GSEは「Graceful Super Express」を意味しており、その名の通り優雅な室内空間と走りを楽しめる設計になっている。
塗装は赤みがかった濃いめのオレンジ色となっており、その昔走っていた3000形ロマンスカー「SE」や3100形ロマンスカー「NSE」、そして7000形ロマンスカー「LSE」にも塗装された歴史ある色である。
また、これまでのロマンスカー車両と同じように車端部は全面ガラス張りのパノラマカーとなっており、箱根や江ノ島まで向かう鉄路の風景を楽しめる設計になっている。
その一方で、本形式の投入によりロマンスカーの役目を終了する車両型式がある。小田急7000形電車ことロマンスカー「LSE」である。
LSEの運用終了・引退の時期は、GSEの2編成目の投入タイミングによるというのがこれまでの状況だった。その後小田急電鉄は、7月にGSEの2編成目を投入すると正式に発表。これにより、LSEは運用終了・引退ということになる。
同編成を後ろから。
1980年に運用を開始されたLSEは、車体長が短い車両を11両連結して編成されており、またそれぞれの車輪の台車が各車両の車端部と連結している。そのためその走行音は、通常の電車の「ガタンゴトン、ガタンゴトン」というリズムではなく、「ガタン、ゴトン、ガタン、ゴトン」という変則的なリズムを奏でることも特徴である。
また先頭車の角度が旧来のNSEと比較してより鋭角になっており、シャープな印象を与えるものとなっている。
機器更新を受けて塗装が赤色に変更されたLSE。その後、上に掲載した当初の色に復元された。
LSEの引退は近い
4編成44両が製作されたLSEであるが、これまで残存し運用されていた1編成が既に2018年3月15日に廃車されている。これはGSEの営業運行開始に伴うものである。

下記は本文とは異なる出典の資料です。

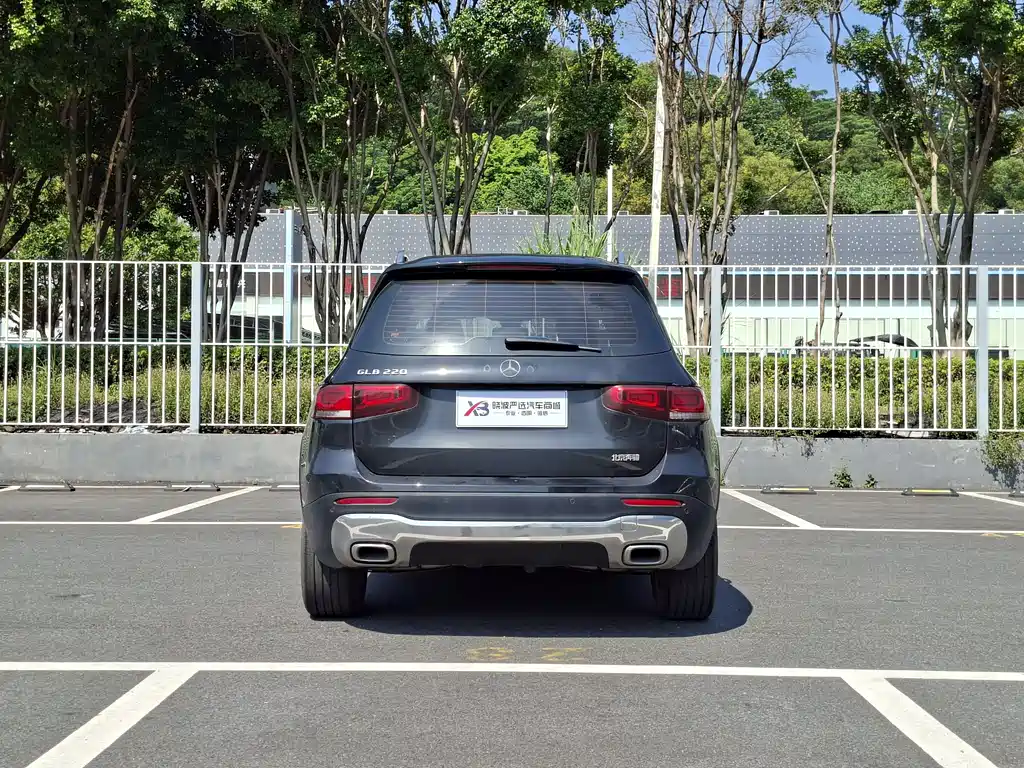 Mercedes-Benz GLB — миниатюра 6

残る1編成は2018年度中の引退を予定しており、GSEの2編成目が投入されるのとタイミングを同じくして運用を終了するだろう。
これによって、弱め界磁抵抗制御の制御方式を採用するロマンスカーは全て姿を消すことになる。
LSEを撮影したり、乗ったりするにはどうすればいいか?小田急電鉄は素晴らしいことに、運用されるロマンスカーの車両型式をWebサイトで公開している。
時刻表の例。Eは30000形EXE、Mは60000形MSEを表す。
30000形EXE。歴代ロマンスカーとは異なり、通勤特急の取扱もあるため、展望車を有しない編成。そのため旅行者からは不評だったりする。
60000形MSE。こちらは地下鉄に乗り入れる運用が想定されているため、展望車を有しない。座席が深い上に窓が高いため、少々景色が見づらい設計でもある。
大きな展望車をもち、ロマンスカーのフラッグシップモデルである50000形VSE。各座席が5度窓側に傾いており展望性を高めていたり、ドーム型の半円状の天井を持ち室内空間がとても広く感じられたりと、快適な乗り心地が約束された傑作車両。
展望車を持つ形式については7000形LSE、50000形VSE、70000形GSEが運用される。それは日によって運行される形式が異なるようだが、少なくとも展望車のアイコンのある形式は、間違いなくLSE、VSE、GSEのいずれかである。運行本数的にはVSEの確率が最も高い。
もはや1編成しか残存していないLSEも、いよいよ引退の時期を迎える。